◆ **What the task requires**
The lines to extract run from the first line of the material below to the line containing "Jose Hernandez has", both included; leave the pictures behind.

◆ **Records provided**
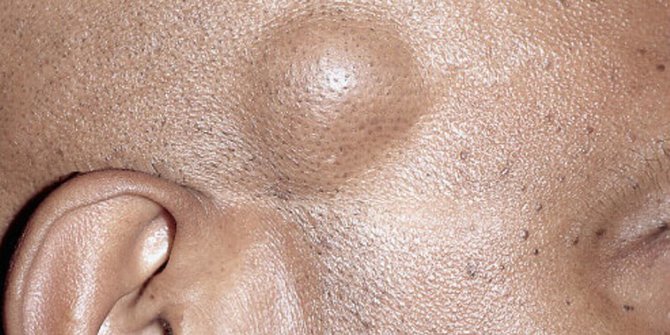 Mengenal Penyakit Lipoma, dari Penyebab hingga Cara Mengatasinya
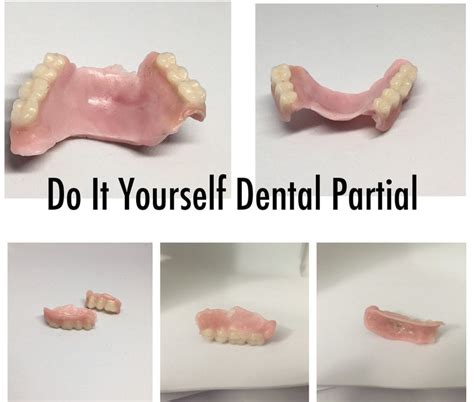 Do It Yourself Denture Kit Make Your Own Temporary Denture Dental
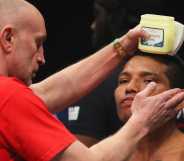 Jose Hernandez has vaseline applied to their face prior to the Super Featherweight fight between Jimmy Lee and Jose Hernandez at Wembley Arena on 26 March, 2022 in London, England.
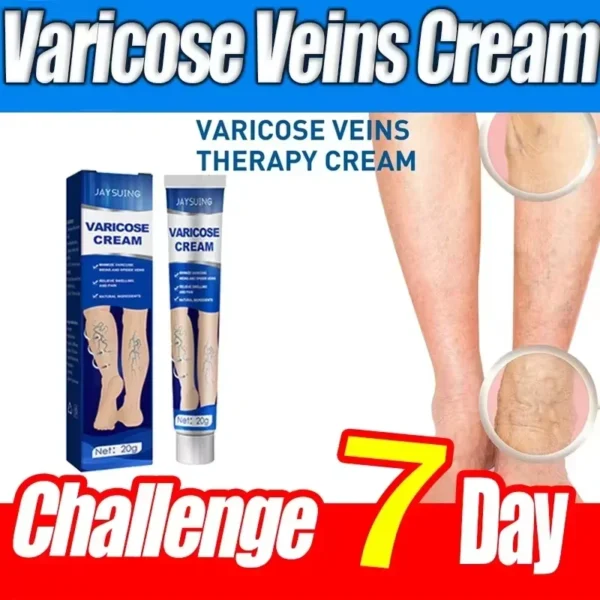 Ointment for Elimination of Varicose Veins and Relieve Spider Veins Herbal cream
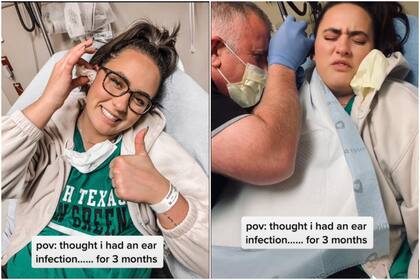 La mujer pensó que tenía una infección en el oído, pero resulta que tuvieron que removerle un curioso objeto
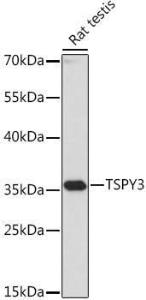 Western blot analysis of extracts of Rat testis, using Anti-TSPY3 Antibody (A307695) at 1:1,000 dilution. The secondary antibody was Goat Anti-Rabbit IgG H&L Antibody (HRP) at 1:10,000 dilution.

◆ **Output for this task**
 Mengenal Penyakit Lipoma, dari Penyebab hingga Cara Mengatasinya
 Do It Yourself Denture Kit Make Your Own Temporary Denture Dental
 Jose Hernandez has vaseline applied to their face prior to the Super Featherweight fight between Jimmy Lee and Jose Hernandez at Wembley Arena on 26 March, 2022 in London, England.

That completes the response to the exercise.